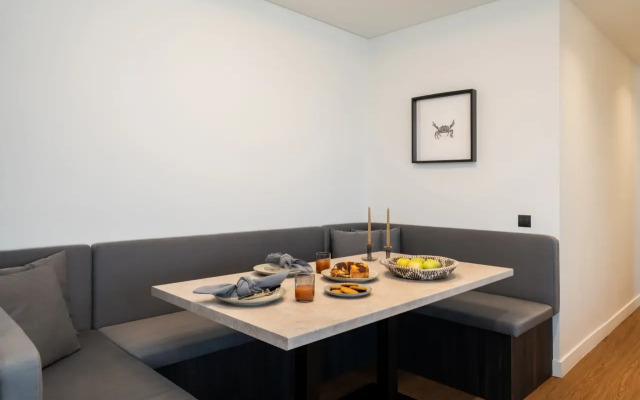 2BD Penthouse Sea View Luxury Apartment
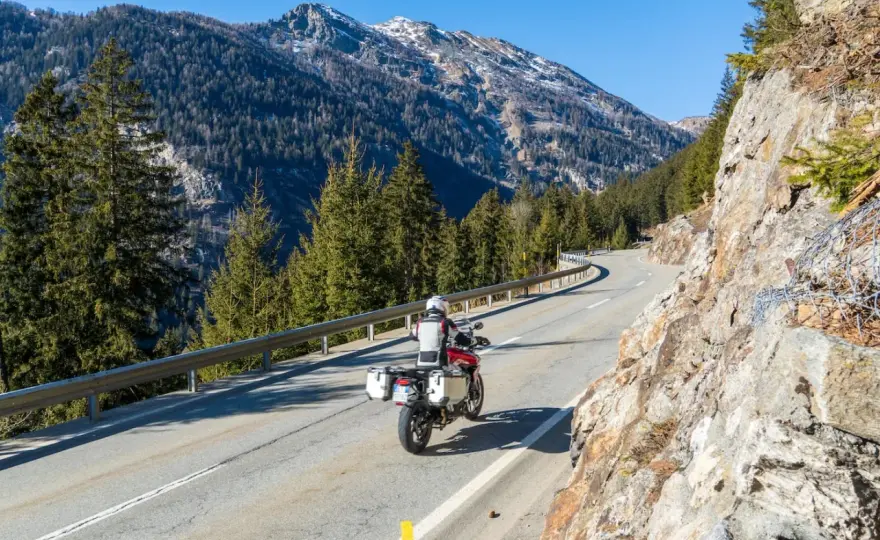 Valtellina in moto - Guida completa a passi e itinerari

...

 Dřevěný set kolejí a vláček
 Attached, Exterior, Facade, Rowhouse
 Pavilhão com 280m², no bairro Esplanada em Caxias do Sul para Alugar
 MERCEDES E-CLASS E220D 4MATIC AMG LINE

(Problem requirements) Of the lines above, copy only those from the one holding "2BD Penthouse Sea View Luxury Apartment" to the one holding "Valtellina in moto", both included, and exclude every image.

(Response to this exercise)
 2BD Penthouse Sea View Luxury Apartment
 Valtellina in moto - Guida completa a passi e itinerari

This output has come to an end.